Magnitude
In astronomy it is common to use the concept of Apparent Magnitude, which is the measure that expresses brightness as we see it.
The magnitude scale has a historical origin but has been redefined in the modern era. The magnitude Scale is explained in detail in our EBook Magnitude & Distance.
In Summary apparent magnitude (symbol m):
- indicates the brightness of a star as we see it
- is a scale that runs opposite to brightness (the smaller the magnitude, the brighter the star)
- is centred at the apparent magnitude of Vega (m = 0)
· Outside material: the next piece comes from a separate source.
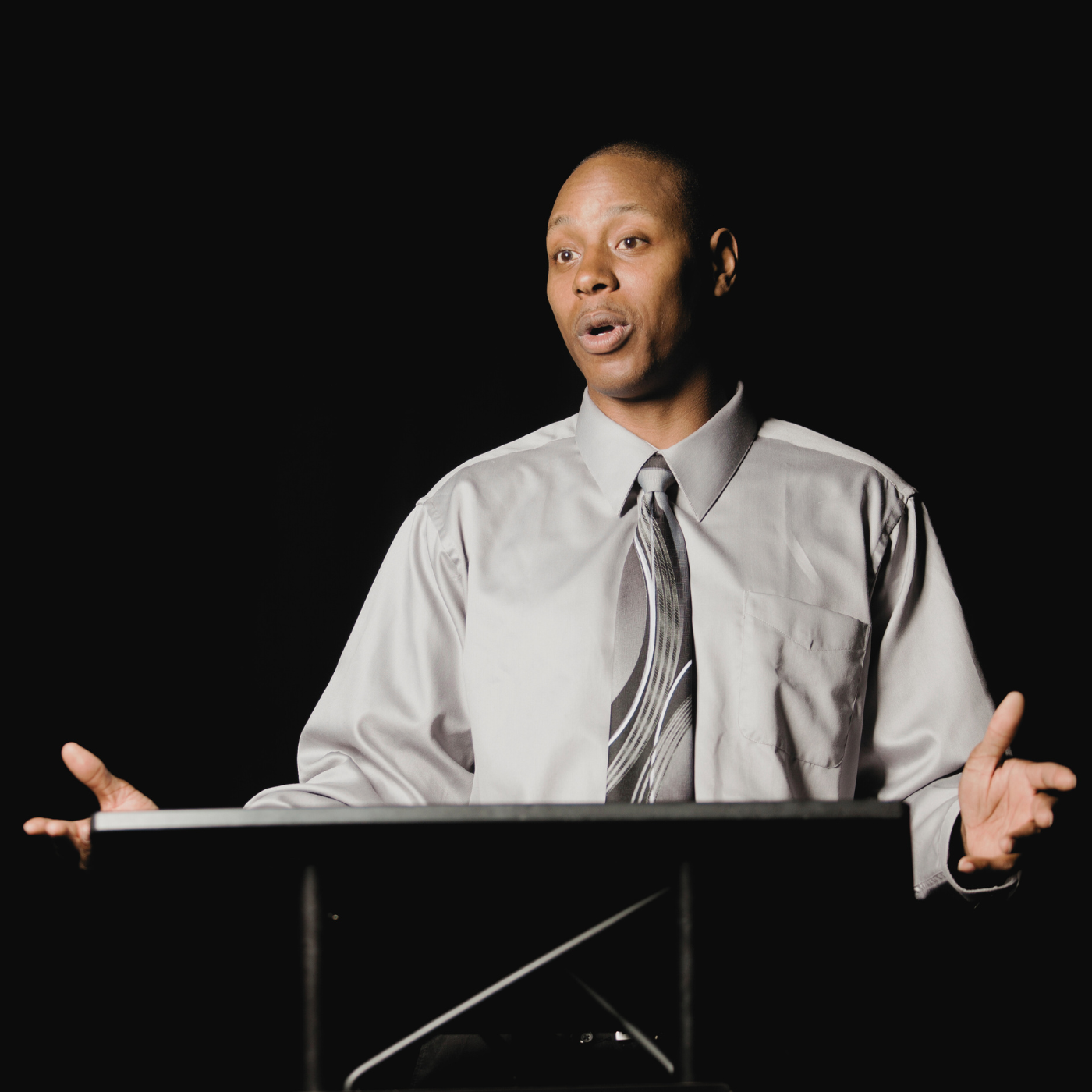 Businessman Talking with Audience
- allows negative values for bright stars
- is a logarithmic scale in which five units in magnitude correspond to a factor of 100 in brightness
Absolute magnitude uses the same scale as apparent magnitude. It has a value which is defined as the apparent magnitude a star would have if it were located at a standard distance of 10 pc from Earth.
As an example the Sun has an apparent magnitude m = -26.73 but it has an absolute magnitude of +4.75. That is the magnitude we should see if the Sun was at a distance of 10 pc. Therefore absolute magnitude is directly related to the luminosity of a star and is a way to express its luminosity in the magnitude scale.
Now if:
- we have a measure of the absolute magnitude (M) of a star and
- we compare that with the apparent magnitude (m),
then we can use the Inverse Square Law to find the distance.
The method used for this in astronomy is related to (m - M) which is called the Distance Modulus.